Take the issue_type from the above.

In [None]:
results = dataset_db.get_issues()

#problem = 'OSGB out of bounds of England'
#problem = 'invalid geometry'
# problem = 'Unexpected geom type'
problem = 'OSGB'

results.loc[(results.issue_type == problem) ]



### Final dataset 

Shows the end result of the processing. You should see a decent number of these columns populated with data from the raw resources above.

In [None]:
dataset_db = DatasetSqlite(os.path.join(data_dir,'dataset',f'{dataset}.sqlite3'))
results = dataset_db.get_entities()

final_length = len(results)

print("")
print (F"Final data contains {final_length} records")

results

### Existing Duplicate Entities between organisations

This downloads a sqlite db for the current dataset  
It compares the current endpoint entities with existing ones   
Identifies duplicates between all organisations

In [None]:
download_dataset(dataset,collection_name,f"{data_dir}/entity_resolution")
dataset_path = os.path.join(f"{data_dir}/entity_resolution",f'{dataset}.sqlite3')
duplicates = get_duplicates_between_orgs(dataset_path,f'../data/endpoint_checker/dataset/{dataset}.sqlite3')

if duplicates.empty:
    print("No duplicate entities found with existing entities")

duplicates

### Duplicates with different entity numbers

In [None]:
if not duplicates.empty:
    filtered_df = duplicates[duplicates['primary_entity'] != duplicates['secondary_entity']]
    filtered_df

To merge the duplicated entities  
For each entity, use the corresponding primary_entity value (as the entity number)

### Possible Internal Duplicate Entities

The below table displays duplicates in the data provided identified using the geographical info (geometry and point column).  
Sometimes it is legit, but worth checking in the source data to make sure it passes the sniff test.

In [None]:
if not (results[['geometry', 'point']].apply(lambda x: x.str.strip() == '')).all().all():
    grouped = results.groupby(['geometry', 'point'])
    grouped_list=[]
    for key, value in (grouped.groups).items():
        if len(value) > 1 and key[1] !='':
            filtered_df = results[(results['geometry'] == key[0]) & (results['point'] == key[1])]
            grouped_list.append(filtered_df)

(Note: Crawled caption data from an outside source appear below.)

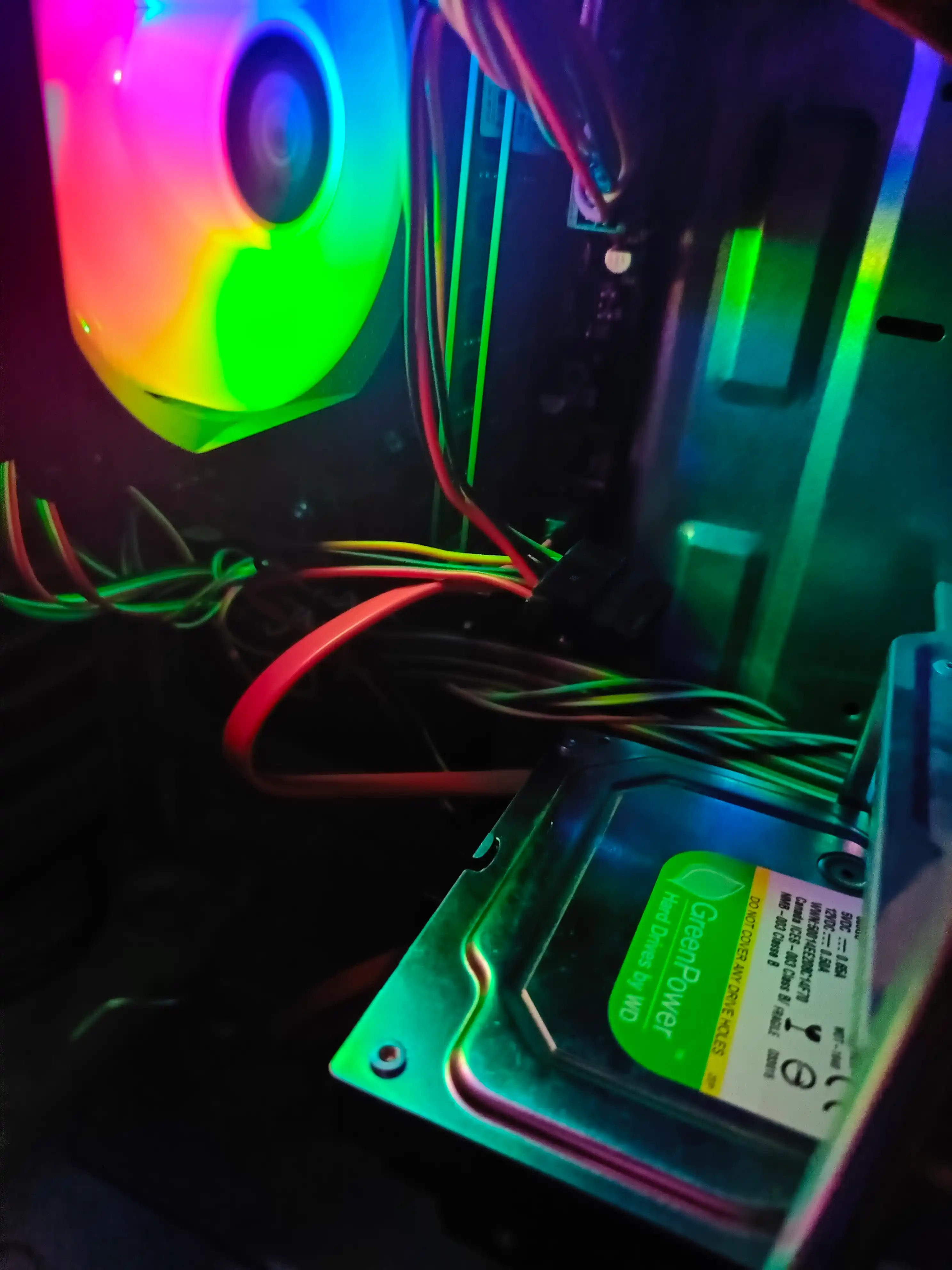 Ona plata H61 M.2 NVME slot H61 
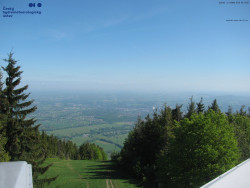 Červená sjezdovka, Třinec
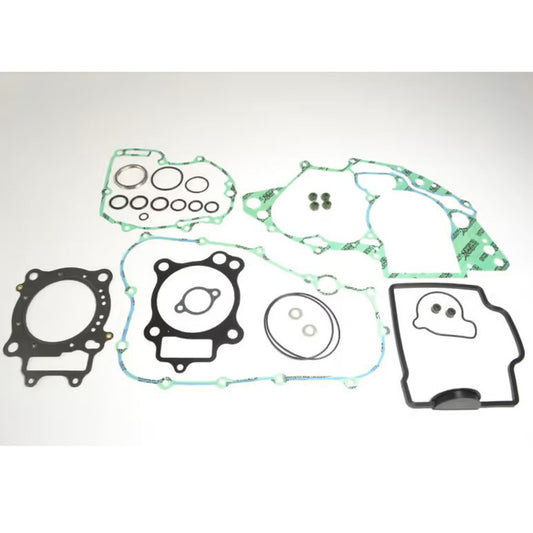 ATHENA Complete Engine Gasket Set - 1014233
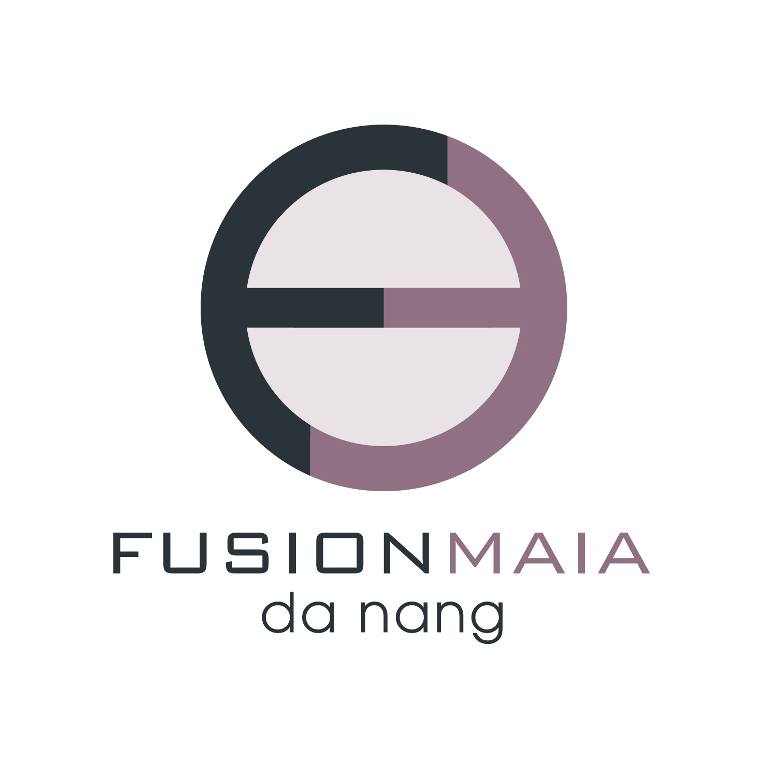 Image result for Fusion Maia Da Nang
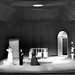 George Franke Photo 19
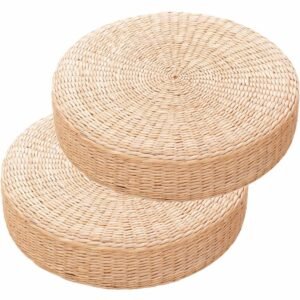 Floor Cushion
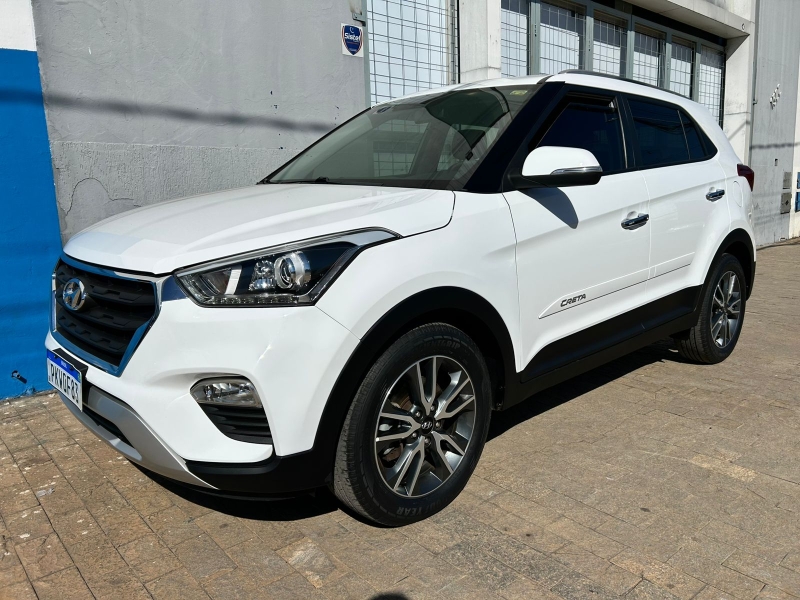 Produto creta-prestige-20-at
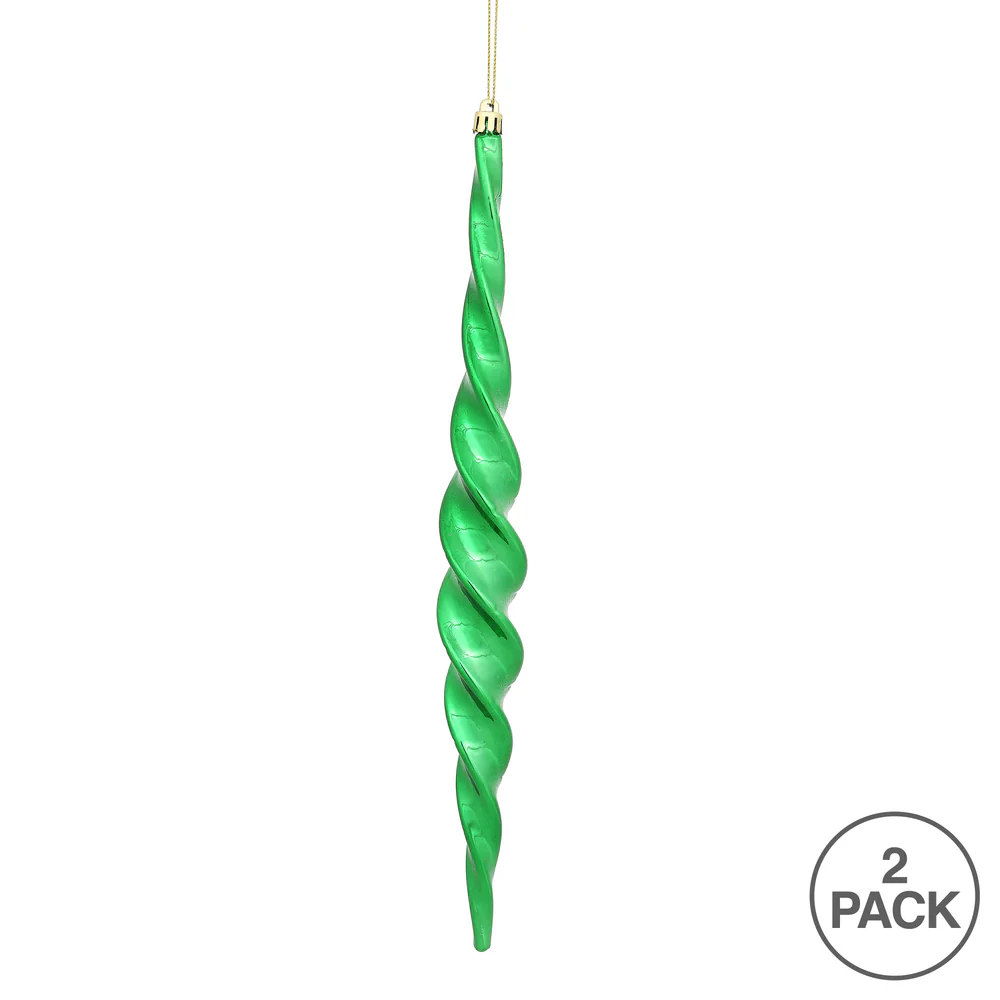 Vickerman 14.6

    if len(grouped_list)>1:
        for i in range(len(grouped_list)):
            display(grouped_list[i])
    else:
        print("No internal duplicates found in the given endpoint")
else:
    print("No geometry or point data in the dataset")

### RAW (ish) DATA

This is the lightly processed data. 

In [None]:
# load in raw resources
collection = Collection(os.path.join(data_dir,'collection'))
collection.load(directory=os.path.join(data_dir,'collection'))
resources = collection.resource.entries
resources

In [None]:
resource = resources[0]['resource']
resource_path = os.path.join(data_dir,'collection','resource',resource)

print (F"Reading raw resource from {resource_path}")

try:
    raw_resource = pd.read_csv(resource_path)
except (UnicodeDecodeError,TypeError,pd.errors.ParserError):
    converted_resource_dir = os.path.join(data_dir,'var','converted_resources')
    converted_resource_path = os.path.join(converted_resource_dir,f'{resource}.csv') 
    if not os.path.exists(converted_resource_path):
        convert_resource(resource,resource_path,converted_resource_dir,dataset)
    print (F"Failed - reading from {converted_resource_path} instead.")
    raw_resource = pd.read_csv(converted_resource_path)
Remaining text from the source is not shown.